More Lessons From The Blue Zones of Happiness
As 2017 winds down and we all look back on what has or hasn’t been working in our lives this past year, it’s good to have some guidance from the experts about how to be happier.
This post continues last week’s blog post, which reviewed some of the ideas presented in the November National Geographic cover story, “These Are The World’s Happiest Places”, by Dan Buettner. This week I am giving you a few of the additional ideas he presents in his new book, The Blue Zones of Happiness.
Much of the book centers around the the places he found that scored the highest in happiness: Costa Rica, Denmark, and Singapore, and how we can design communities that emulate the strategies these countries use to build the happiness of their residents.
Moreover, there are lessons we can learn from these communities about things we can do on an individual level to increase our own personal happiness, regardless of where we live.
Here are 5 more lifehacks that you can put on your list for 2018 to make the coming year even better!
1. Nurture your relationship with your Significant Other.
Studies show that our relationship with our SO can account for up to 90% of our happiness level. It’s worth thinking for a minute about your relationship with your partner. Is there some area that didn’t get enough attention in 2017?
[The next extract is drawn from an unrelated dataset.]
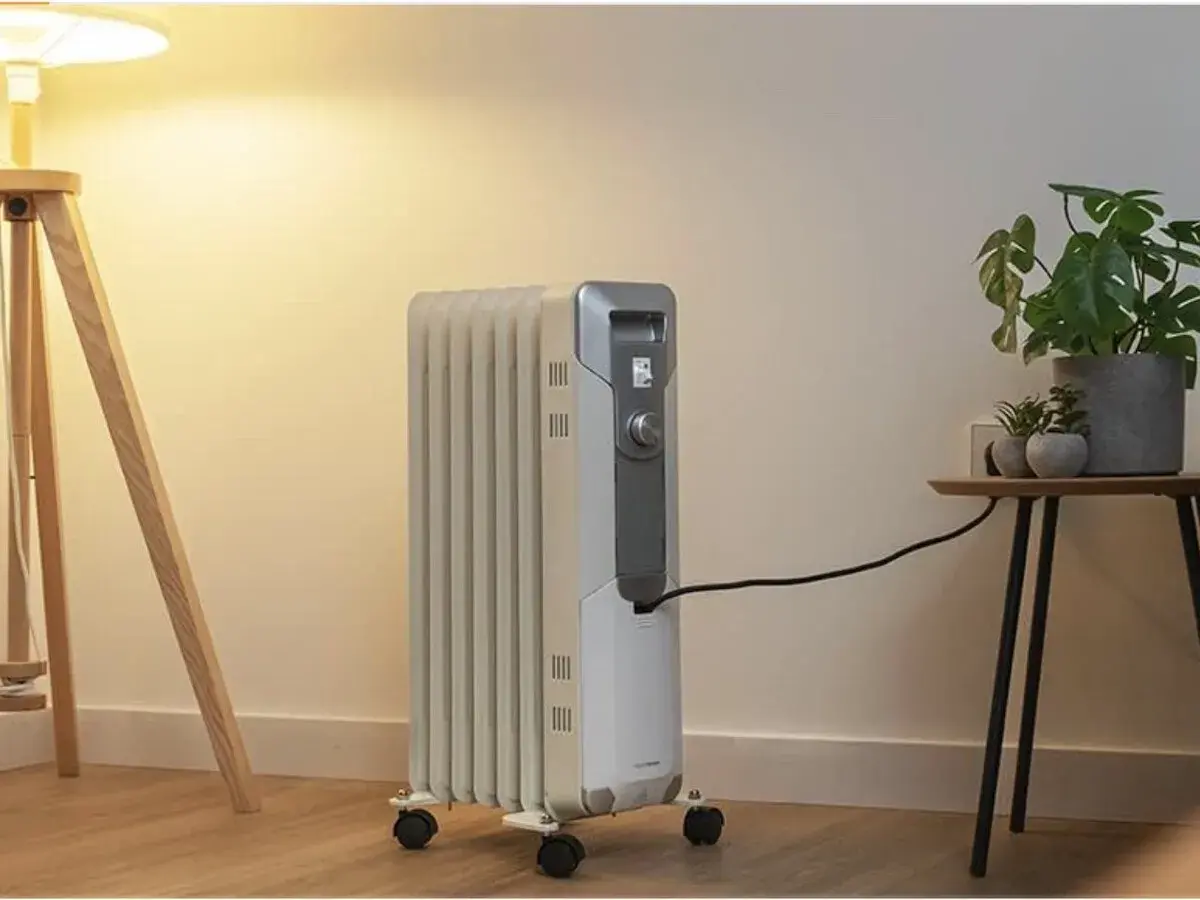 Estufa eléctrica de aceite con ruedas, conectada a la corriente, junto a una planta y una lámpara. Controla el consumo.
Maybe you spent the majority of your time together collapsed in front of the TV, exhausted from a long day at work. Or maybe you spent all your time together talking about the kids. If this is the case, make sure to plan some time to spend together away from the house, just the two of you.
It doesn’t have to be dramatic– it’s much more important that it’s regular. A weekly walk together where you don’t talk “business” can make a difference and bring you closer.
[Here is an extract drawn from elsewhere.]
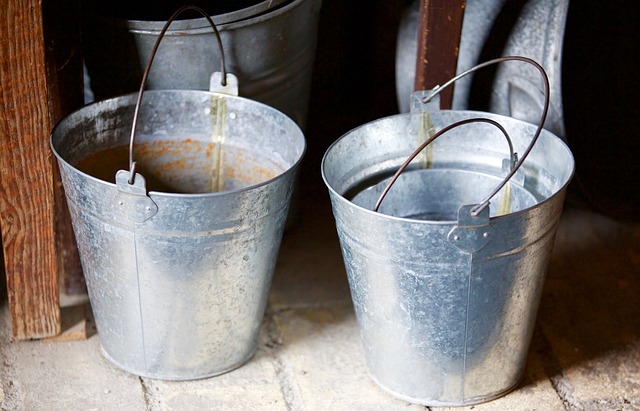 assortment of steel farm buckets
2. Find some friends at work.
Two-thirds of Americans report that they have too much stress at work.
One of the things that most improves quality of work experience, is having a best friend at work. So– cultivate friendships with your co-workers to improve your job satisfaction. Attend company get-togethers and celebrations. The more you get to know your co-workers on a personal level, the happier you will be at work.
3. Sleep 7 1/2 to 9 hours a night.
Turns out that a good night’s sleep is good for you in all kinds of ways.
Americans tend to dismiss sleep as a waste of time; people often “compete” with friends and co-workers about how little sleep they got the night before! This is unfortunate, as studies show that sufficient sleep makes you both healthier and happier. And everyone knows that we look better and feel better after a good night’s sleep!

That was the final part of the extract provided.